The following is a case update prepared by Dan Schechter, Professor Emeritus, Loyola Law School, Los Angeles, analyzing a recent decision of interest:
The California Supreme Court has held that a foreclosure purchaser cannot serve a three-day notice to quit on a commercial tenant until the foreclosure trustee’s deed is recorded, despite a statute providing that the sale is “deemed perfected” on the sale date if the deed is recorded within 15 days. The decision may inadvertently imperil foreclosure sales followed by bankruptcy petitions filed in the gap between the sale date and the recording date. [Dr. Leevil, LLC, vs. Westlake Health Care Center, 2018 Westlaw 6597341 (Cal.).]
Facts: A small corporation owned a nursing home property. It executed a lease of the property in favor of another corporation controlled by the same shareholders. Six years after the lease was executed, the corporate landlord borrowed money from a lender, secured by a deed of trust on the property. After the borrower defaulted, the lender assigned the note and the deed of trust to a successor. The new creditor conducted a nonjudicial foreclosure sale and was the successful bidder at that sale, thus becoming the new landlord.

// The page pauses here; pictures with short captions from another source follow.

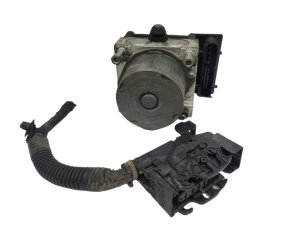 Abs-pump C1 107  Aygo 4541F5 Bosch 0265800441  44510-0H010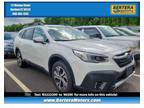 2022 Subaru Outback Limited CVT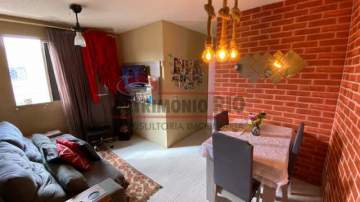 Apartamento próximo ao metrô - PAAP24874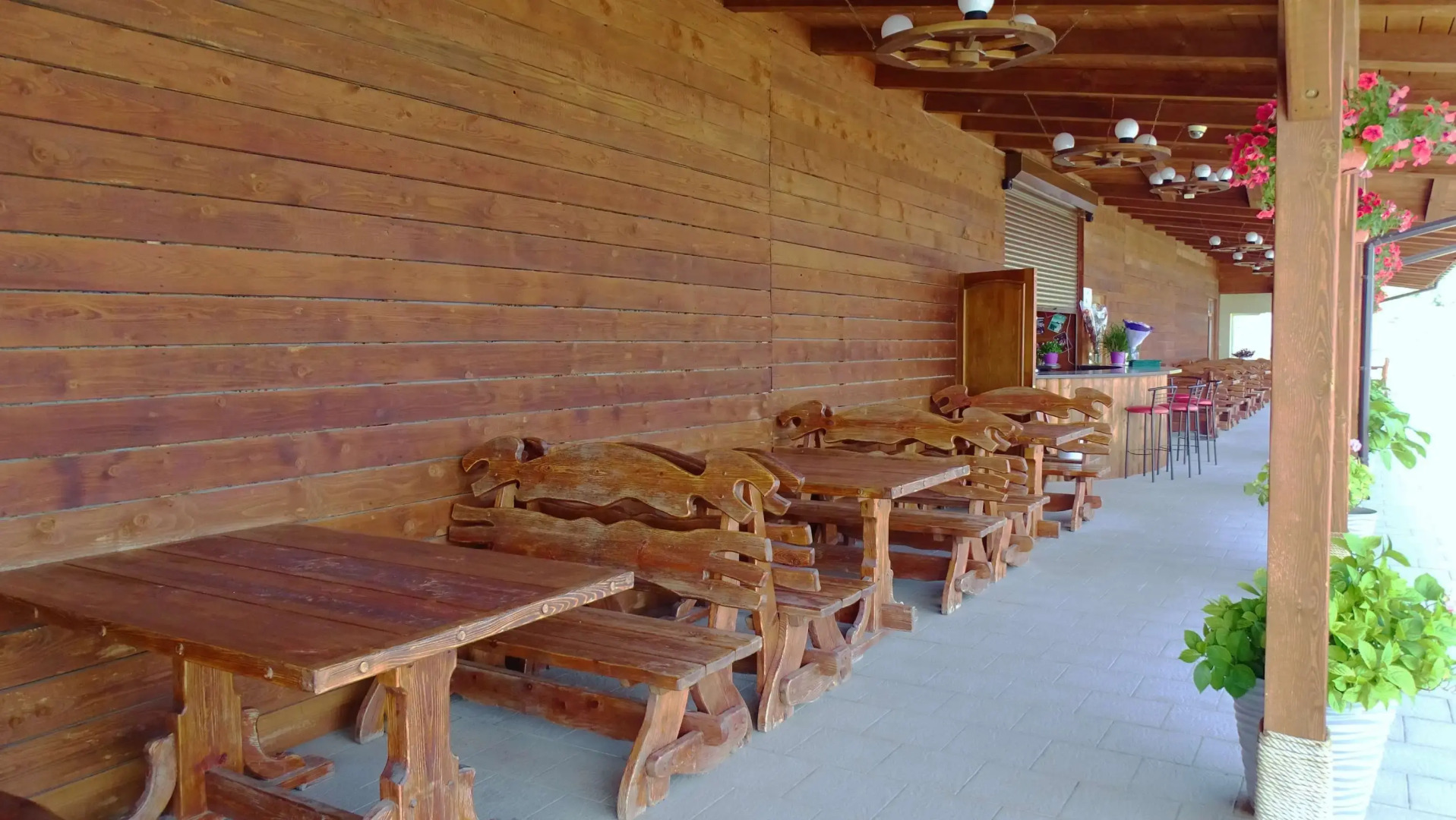 Мини-отель Легенда Алушта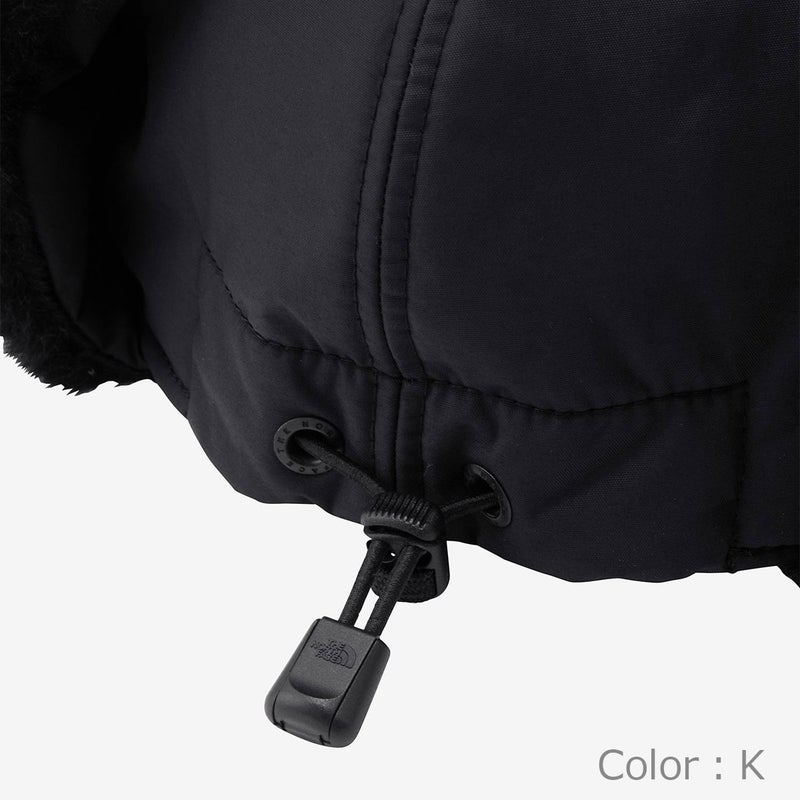 ザ・ノース・フェイスTHENORTHFACEスノボースノボスノーボード帽子キャップバッドランドキャップKidsBadlandCapNNJ42503-Kジュニアキッズ子ども男の子女の子25-26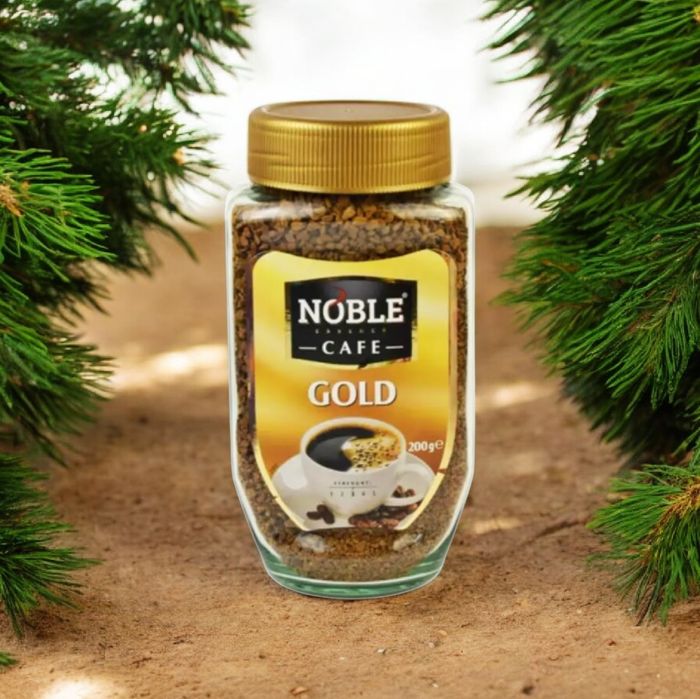 Кава розчинна Le  Cafe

The day after the sale, the landlord served the corporate tenant with a three-day written notice to quit. Several days later, the landlord recorded the trustee’s deed. Forty days after service of the notice to quit, the landlord brought an unlawful detainer action. Over the tenant’s objection, the trial court ruled in favor of the landlord, and the Court of Appeal affirmed.
Reasoning: The Supreme Court reversed, holding that under Code of Civil Procedure §1161a(b), a landlord cannot serve a notice to quit until the landlord has perfected the title to the property. Here, the trustee’s deed was not recorded until several days after the notice to quit was served, and the notice was therefore void. The landlord argued that under Civil Code §2924h(c), it perfected title within 15 days of the foreclosure sale; thus, the title was deemed perfected as of the sale date. That statute provides:
For the purposes of this subdivision, the trustee’s sale shall be deemed final upon the acceptance of the last and highest bid, and shall be deemed perfected as of 8 a.m. on the actual date of sale if the trustee’s deed is recorded within 15 calendar days after the sale, or the next business day following the 15th day if the county recorder in which the property is located is closed on the 15th day.

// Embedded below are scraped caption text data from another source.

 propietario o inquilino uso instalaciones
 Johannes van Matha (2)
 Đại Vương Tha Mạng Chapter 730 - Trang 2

But the court reasoned that “deemed perfection” is not the same as actual perfection; and as of the time the notice was served, the landlord had not yet met the condition of holding record title. The court noted that allowing retroactive perfection would create uncertainty: “A tenant would be forced to choose between vacating the property without assurance that title will ever actually be perfected or remaining in possession of the property and potentially incurring damages as a holdover tenant if title is, in fact, perfected.”

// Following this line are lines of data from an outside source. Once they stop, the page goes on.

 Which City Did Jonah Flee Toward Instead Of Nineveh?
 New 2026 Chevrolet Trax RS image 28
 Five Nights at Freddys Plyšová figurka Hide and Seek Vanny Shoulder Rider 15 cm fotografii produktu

The landlord argued that the court’s reading of the statutes would cause delays in service of notices to quit and would therefore delay commencement of unlawful detainer suits, thus increasing the landlords’ measure of damages. But the court was unmoved: “[O]ur task is to read the statute as written . . . .”
Author’s Comment: I am very concerned about the effect that this decision will have on foreclosure sales. A little background: the foreclosure trustee issues a deed after a foreclosure sale. That deed cannot be recorded by the successful bidder at the moment of sale; aside from the usual delays in the county recorders’ offices, the trustee must wait until the purchaser’s check clears (in the case of a third party bidder, rather than a credit bidder). There is always a gap of a few days.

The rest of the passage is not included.